**WHAT YOU NEED TO DO**
In the entries that follow, find the line containing "Thumbnail: 2023 Jeep Compass - 5" and the line containing "Voir la diapositive 7 : Valor Mortis PS5", then copy exactly everything from the first through the second except the pictures.

**SOURCE DATA**
+++
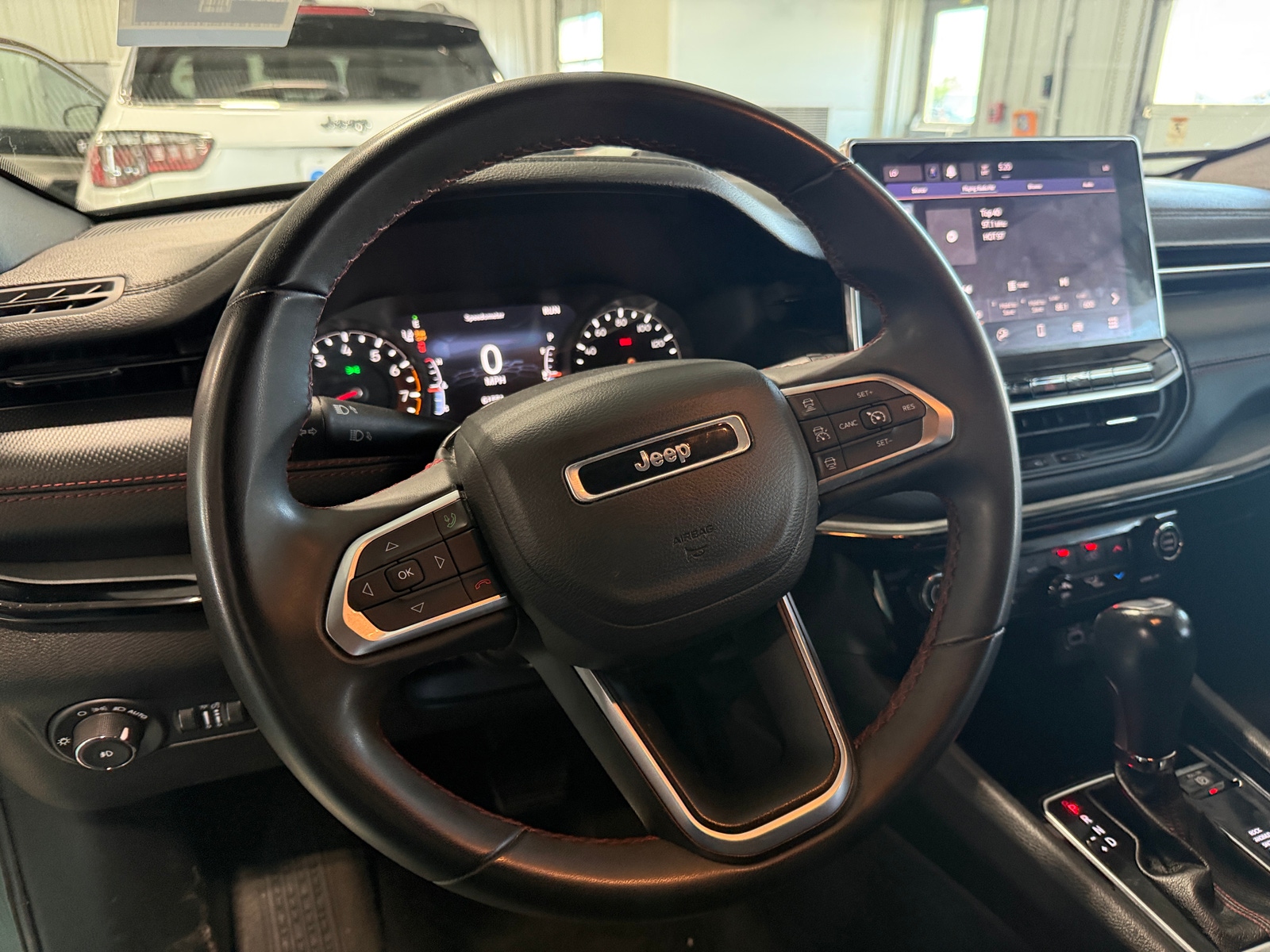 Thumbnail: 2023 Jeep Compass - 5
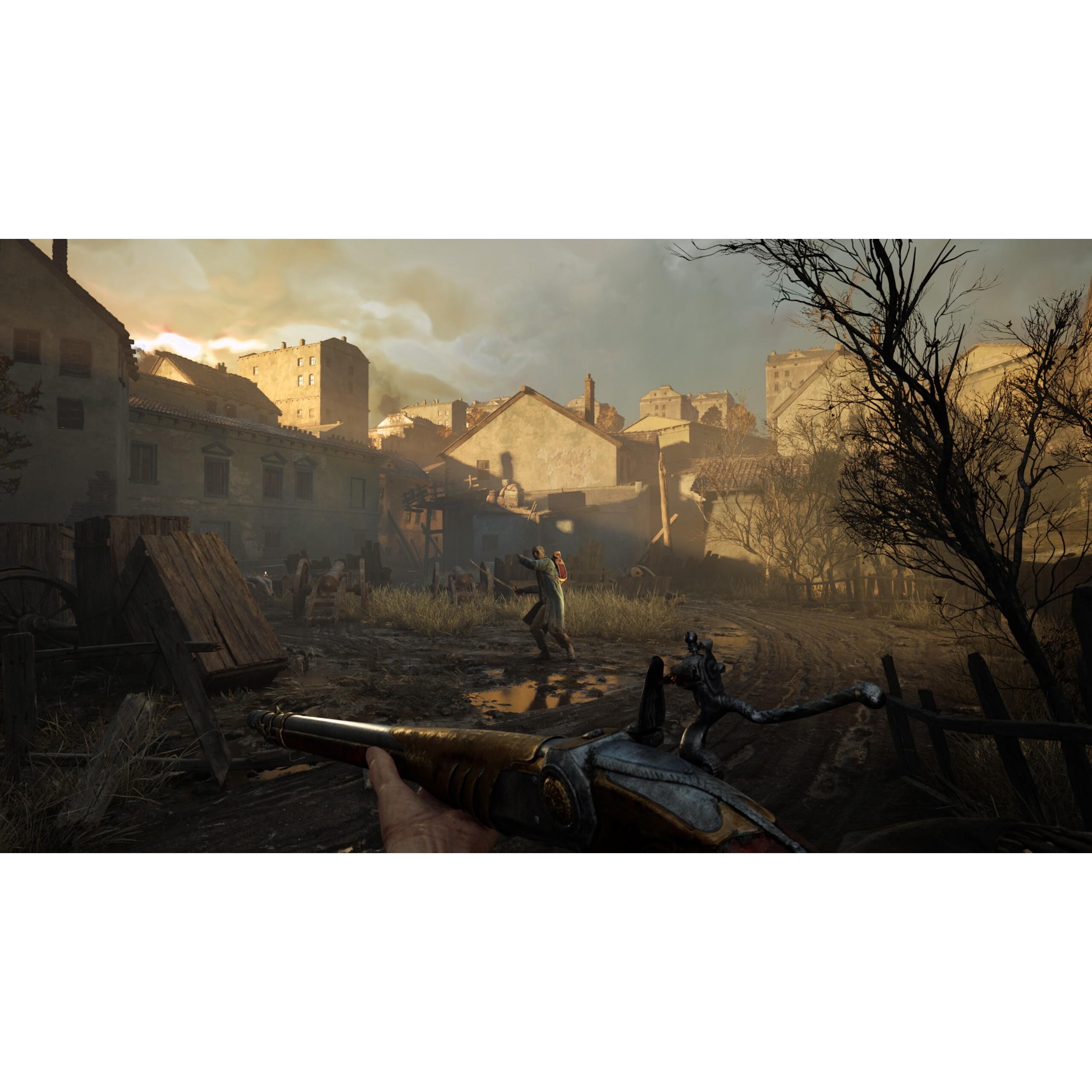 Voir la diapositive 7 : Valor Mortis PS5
+++
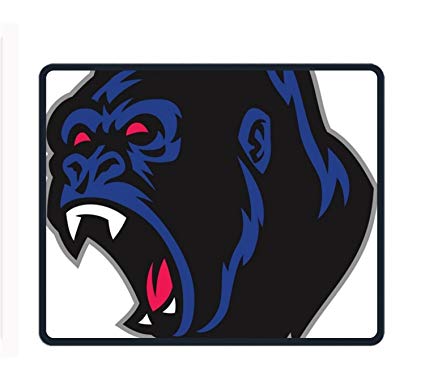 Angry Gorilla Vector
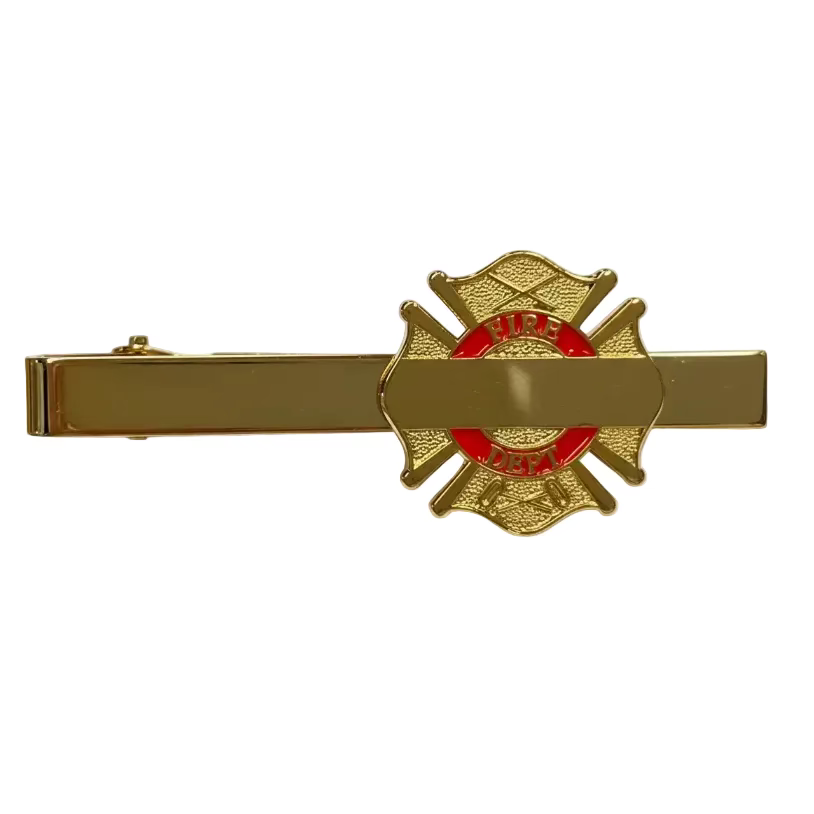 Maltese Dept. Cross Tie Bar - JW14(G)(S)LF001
+++
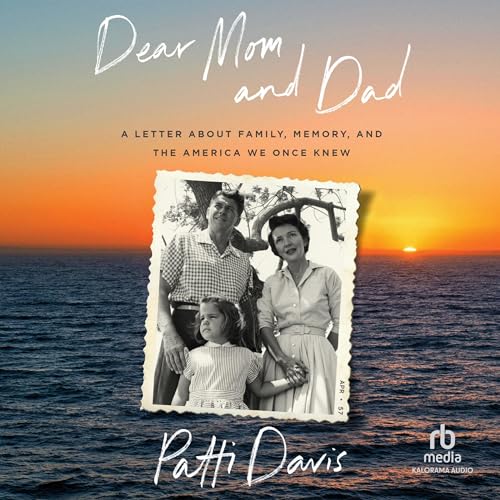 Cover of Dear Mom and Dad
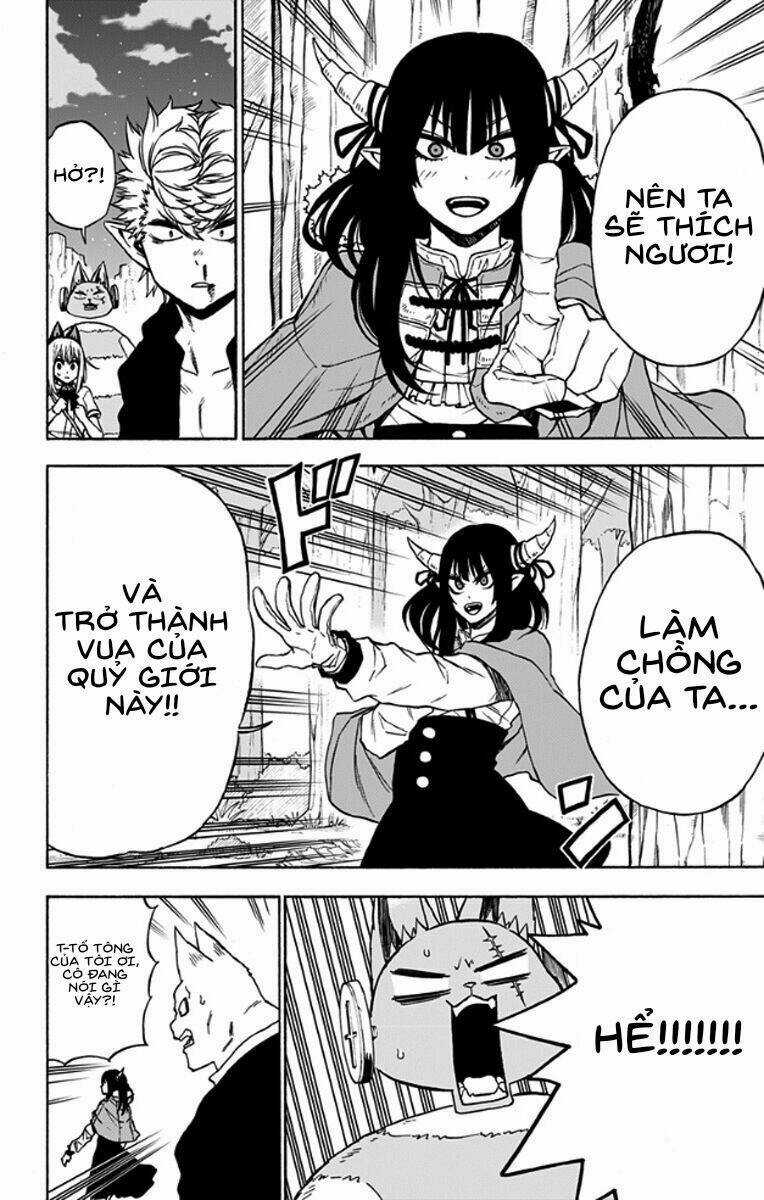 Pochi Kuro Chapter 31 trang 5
+++
**ANSWER BOX**
 Thumbnail: 2023 Jeep Compass - 5
 Voir la diapositive 7 : Valor Mortis PS5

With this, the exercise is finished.